Ma miracoli e conversioni li opera Dio come, quando e dove vuole.
Santi noi non siamo affatto, e quanto alla liturgia, ci appare – e forse
qualche volta purtroppo lo è – così scontata e ripetitiva… come
possiamo inserirci in questa catena di annunciatori del Risorto?

Possiamo farlo con la testimonianza della nostra vita quotidiana, con le
sue fatiche e miserie, con le lotte e le sconfitte, ma sempre illuminata
da una certezza: Gesù è vivo! Cammina con me, soffre con me, agisce
in me e con me, per questo la speranza non mi abbandona. Il cristiano
è l’unico che, sul letto di morte, può ancora guardare al futuro con
fiducia, perché il meglio deve ancora venire!

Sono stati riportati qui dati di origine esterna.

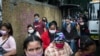 Personas con máscaras faciales en medio de la pandemia de coronavirus se agolpan en una acera cerca de una parada de autobús en Caracas, Venezuela, el lunes 1 de junio de 2020.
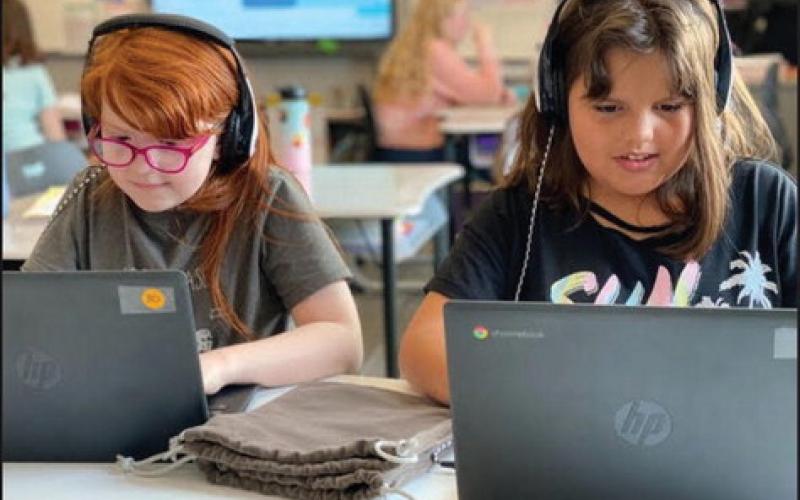 Fifth-grade students Lillie Colbert and Kennedy Fletcher wear new headphones bought with a CLASS Grant awarded to teacher Amanda Bowser at Rosewood Elementary in Broken Arrow Public Schools. CLASS Grants is a state Department of Education initiative using federal coronavirus relief funds. (Photo provided by the state Department of Education.)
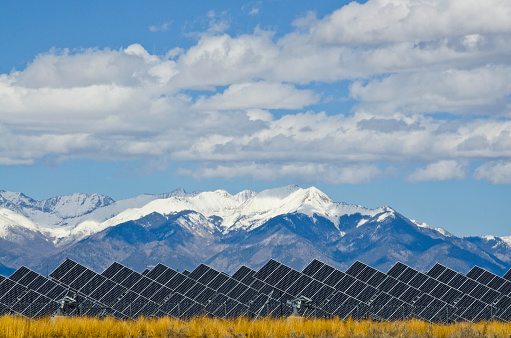 A series of large solar panels forms a symmetrical line at a power plant in the San Luis Valley of central Colorado.  The installation must be one of the most scenic in the United States, as it backs up to the snow capped Sangre de Cristo Mountains.  These panels utilize a tracking system to follow the sun, collecting its energy and using photovoltaic cells to transform the sunlight into electricity.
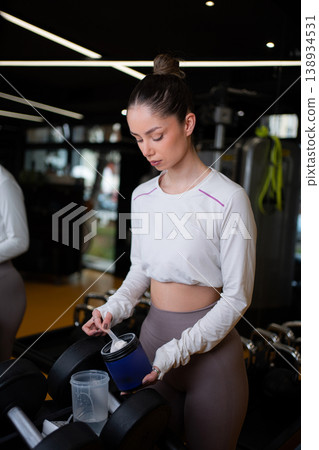 Young adult woman preparing protein powder for workout in gym 138934531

Gli psicologi dicono che questa pandemia, una volta sconfitta, lascerà
comunque tante macerie nelle persone di ogni età: paure, sfiducia,
tristezze, ansie, persino rabbia in alcuni. Tocca a noi cristiani versare
sulle ferite delle persone che ci stanno accanto il balsamo della
speranza e la medicina della tenerezza, perché possano aprire il cuore
alla presenza straordinariamente reale di Gesù risorto nella loro vita.

Portiamo dunque, a tutti e con gioia, come ci invita a fare la liturgia al
termine di questa celebrazione, l’annuncio del Signore risorto.